Al pie de este hogar transitorio, Gustavo mantiene a punto y con mucho cariño una huerta con la tierra surcada en espiral en la que crecen algunos de los vegetales con los que se preparan las comidas comunitarias en Proyecto Gaia. También hay un par de plantas de marihuana que hasta ahora empiezan a brotar y que prometen cosecha.
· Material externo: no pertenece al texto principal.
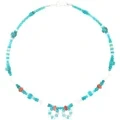 I-Turquoise yeNdalo kunye ne-Red Spiny Oyster Amaso angqukuva amaso eMilo yeMop yeNgxelo yeNecklace yesipho sabasetyhini 1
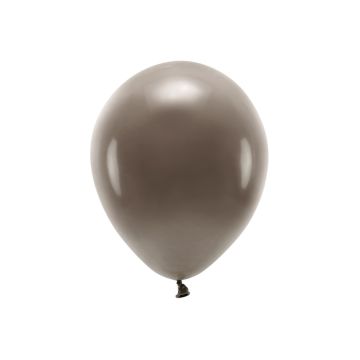 Pastel brune balloner 10x - 30 cm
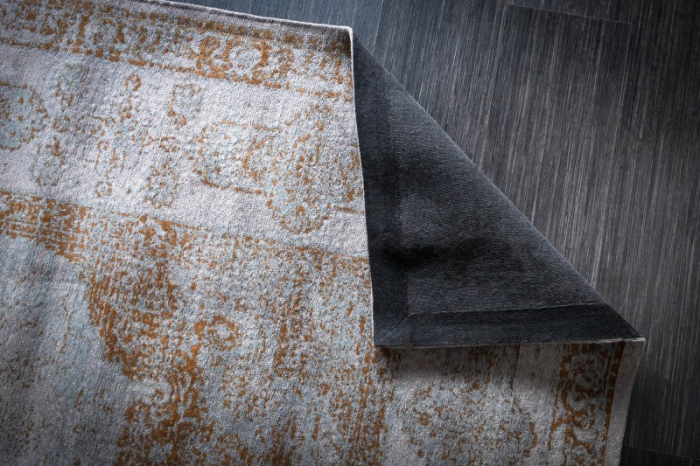 Covor oriental din bumbac PURE UNIQUE XXL 350x240 cm cu model geometric, gri [4]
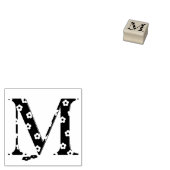 Blume Gemusterter Buchstabe M Gummistempel (Stempel)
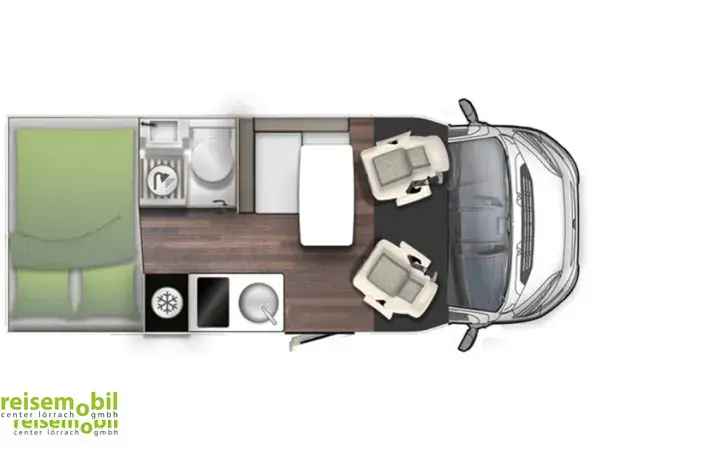 Fahrzeugbild Forster T 599 HB Coupé (Slim) mit Hubbett #17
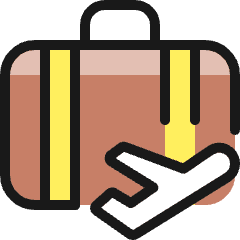 Baggage Plane Icon from Ultimate Colors Set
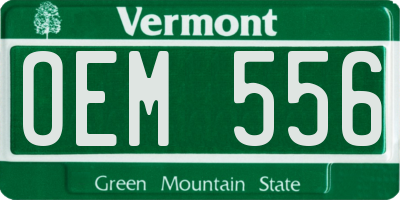 VT license plate OEM556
El terreno compartido que pertenece a este bogotano de 25 años y a su gemelo, tiene una extensión de 500 metros cuadrados, 10 veces mayor que las medidas promedio de un apartamento de soltero en la ciudad. Están a punto de terminar de pagarlo con algo que denominan “banco de tiempo”, un trato acordado con los fundadores de la villa ecológica, que consiste en el intercambio de 12.000 horas de trabajo —unos 750 días laborales: 3 años contando los fines de semana— en la construcción de Proyecto Gaia a cambio de los lotes que hoy habitan, además, claro, del derecho de pertenecer a esta comunidad conformada hace 4 años con el propósito de dejar de ser una carga para el planeta y la sociedad. 

En Gaia hay, a la fecha, 7 lagos, 5 yurtas, 6 casas familiares y 6 espacios comunitarios como cocina, panadería, baños secos, centro de sustentabilidad, refugio de huéspedes y un salón de reuniones que evoca las construcciones de los pueblos indígenas. En esta comunidad permacultural conviven desde publicistas y otros profesionales exiliados de Bogotá, hasta una de las máximas autoridades en asuntos de villas ecológicas: la presidenta para Latinoamérica y vicepresidenta mundial de la red de ecoaldeas, Beatriz Arjona, quien se unió al proyecto en 2013.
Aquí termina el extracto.